Perhaps the same money-hungry parents who operated in Hollywood have now migrated to YouTube, a forum with even less regulation and restrictions. Time and time again thumbnails tease children’s tantrums, sickness and even puberty. Embarrassing and deeply personal moments of a child’s life are broadcasted across the internet under the guise of honesty. It’s deeply disturbing that these children are not only humiliated, but are not financially compensated for their involvement either. In August of this year, Illinois passed the USA’s first law aiming to protect child influencers against exploitation by providing financial compensation for minors under sixteen who feature in any form of documentation. Until this precedent is followed, parents remain unchecked and children remain unprotected.

It is also worth reflecting on our personal participation in a diluted descendent of family vlogging, a behaviour captured by the portmanteau ‘sharenting’. The Atlantic found that almost twenty-five per cent of children begin their digital lives when parents upload their sonogram scans to the internet — a habit so normalised that it’s almost a rite of passage in pregnancy. By partaking in this ostensibly harmless behaviour, parents, perhaps unknowingly, begin crafting an online identity for their child before they are even born, yet alone old enough to consent. Thanks to social media’s accessibility, the average parent now has the ability to withhold or share whatever information they see fit. Of course we trust that the majority use their best judgement, however, this cannot be guaranteed.

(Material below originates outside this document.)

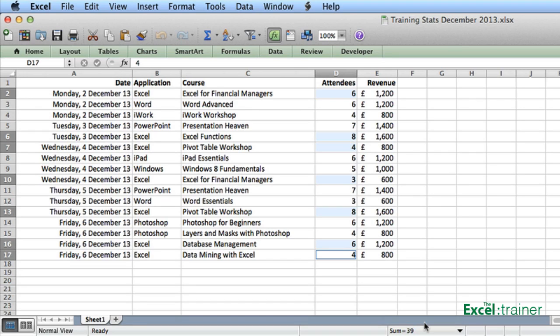So there we go. How to use Excel as a calculator without entering a single formula. Thanks for watching.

If there is a remotely positive outcome to be had from family vlogging channels’ wrongdoings, it is that lessons learned will manifest in watertight legislation, protecting children in the future. The industry is currently unapologetic, hiding in plain sight, and this makes those instances of crimes all the more insidious and shameless. Childhood, rightly or wrongly, has always been a profitable market and where there is profit to be made, there must be protection.